Wichtiger Hinweis für die Routenplanung: Im inneren Schlosspark herrscht striktes Radlverbot – und die Parkwächter verstehen hier keinen Spaß. Nutzen Sie stattdessen die Wege entlang des Nymphenburg-Biedersteiner Kanals. Diese führen Sie im Schatten alter Alleebäume kilometerweit am Wasser entlang. Es ist eine der kühlsten und angenehmsten Strecken an heißen Hochsommertagen. Der Kanal verbindet das Schlossareal zudem auf charmante Weise mit dem Olympiapark, was diese Tour zu einer perfekten Kultur-Natur-Kombination macht.
Der Olympiapark ist nicht nur ein Denkmal der Architektur von 1972, sondern auch ein topografisches Highlight für Radfahrer. Die geschwungenen Wege folgen der Zeltdach-Konstruktion und bieten ständig neue Blickwinkel auf die Stadt.

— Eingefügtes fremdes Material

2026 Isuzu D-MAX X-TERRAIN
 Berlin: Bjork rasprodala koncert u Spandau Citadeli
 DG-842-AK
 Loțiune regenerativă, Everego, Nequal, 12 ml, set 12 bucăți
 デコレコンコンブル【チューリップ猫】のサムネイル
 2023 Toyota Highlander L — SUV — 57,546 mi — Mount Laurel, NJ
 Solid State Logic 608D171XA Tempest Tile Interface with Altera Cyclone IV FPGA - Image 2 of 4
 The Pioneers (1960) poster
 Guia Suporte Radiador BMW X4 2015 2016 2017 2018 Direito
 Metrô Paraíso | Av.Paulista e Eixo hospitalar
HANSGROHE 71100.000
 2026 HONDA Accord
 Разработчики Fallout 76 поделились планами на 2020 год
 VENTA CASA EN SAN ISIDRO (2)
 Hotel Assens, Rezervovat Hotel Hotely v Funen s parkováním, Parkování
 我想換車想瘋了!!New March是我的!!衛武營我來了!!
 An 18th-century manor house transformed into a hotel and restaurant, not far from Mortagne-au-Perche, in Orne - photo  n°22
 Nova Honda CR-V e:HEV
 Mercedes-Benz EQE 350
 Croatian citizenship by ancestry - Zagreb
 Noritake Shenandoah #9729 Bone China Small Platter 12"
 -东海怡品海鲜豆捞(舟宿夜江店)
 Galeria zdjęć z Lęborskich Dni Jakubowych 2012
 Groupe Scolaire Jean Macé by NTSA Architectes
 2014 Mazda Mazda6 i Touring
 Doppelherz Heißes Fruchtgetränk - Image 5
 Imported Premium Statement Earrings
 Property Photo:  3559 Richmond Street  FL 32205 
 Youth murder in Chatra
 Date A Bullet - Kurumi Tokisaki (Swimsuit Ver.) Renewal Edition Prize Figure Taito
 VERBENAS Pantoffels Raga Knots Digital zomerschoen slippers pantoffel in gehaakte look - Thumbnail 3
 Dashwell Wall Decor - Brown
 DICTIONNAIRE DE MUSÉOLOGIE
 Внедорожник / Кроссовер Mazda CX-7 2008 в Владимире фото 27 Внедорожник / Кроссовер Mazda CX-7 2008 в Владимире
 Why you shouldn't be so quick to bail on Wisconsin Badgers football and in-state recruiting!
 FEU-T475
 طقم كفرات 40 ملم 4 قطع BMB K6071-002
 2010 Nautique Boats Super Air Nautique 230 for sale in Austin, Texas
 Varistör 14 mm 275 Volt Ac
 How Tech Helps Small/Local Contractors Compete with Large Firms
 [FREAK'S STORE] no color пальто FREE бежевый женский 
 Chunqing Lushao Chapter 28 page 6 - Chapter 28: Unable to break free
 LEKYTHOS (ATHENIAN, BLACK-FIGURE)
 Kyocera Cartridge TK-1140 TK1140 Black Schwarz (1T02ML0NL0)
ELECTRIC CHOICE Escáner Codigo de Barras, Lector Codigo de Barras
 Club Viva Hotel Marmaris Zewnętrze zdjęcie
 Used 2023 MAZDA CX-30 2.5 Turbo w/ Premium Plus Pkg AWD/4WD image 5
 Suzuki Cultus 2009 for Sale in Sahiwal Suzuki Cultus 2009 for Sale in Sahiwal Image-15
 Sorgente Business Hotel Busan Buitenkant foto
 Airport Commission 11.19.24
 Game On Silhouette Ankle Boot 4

Eine Rundtour durch den Park sollte definitiv den Olympiaberg einschließen – sofern die Kondition mitspielt. Die Auffahrt ist kurz, aber knackig. Oben angekommen, wird man jedoch mit einem 360-Grad-Panorama belohnt, das bei gutem Wetter (Stichwort: Föhn) bis zur Zugspitze reicht.
Nach der rasanten Abfahrt lohnt sich ein Schlenker vorbei am Olympiastadion und der BMW Welt. Wer noch Energie hat, radelt weiter in den angrenzenden Luitpoldpark. Dort wartet das „Bamberger Haus“ mit seiner prachtvollen Fassade und einem der schönsten Biergärten der Stadt auf Sie. Der Park ist zudem bekannt für seinen Wilhelm-Güll-Garten, ein kleiner versteckter Ort der Ruhe, den selbst viele Münchner nicht kennen.
München ist eine Fahrradstadt, und das bringt Herausforderungen mit sich. Journalistisch gesehen muss man ehrlich sein: Die Wege sind oft überfüllt. Damit die Tour zum Vergnügen wird, ist gegenseitige Rücksichtnahme das oberste Gebot.
München „erfährt“ man am besten im wahrsten Sinne des Wortes. Das Fahrrad erlaubt es uns, die Distanzen dieser Metropole zu begreifen, ohne den Kontakt zum Boden zu verlieren. Es verbindet die historischen Plätze mit den wilden Naturräumen der Isar.
Egal, ob Sie als Tourist die Highlights abklappern oder als alteingesessener Münchner am Wochenende einfach mal den Kopf frei bekommen wollen: Packen Sie eine Flasche Spezi in den Korb, prüfen Sie den Reifendruck und lassen Sie das Auto stehen. Die schönsten Ecken Münchens erreicht man ohnehin nur auf zwei Rädern.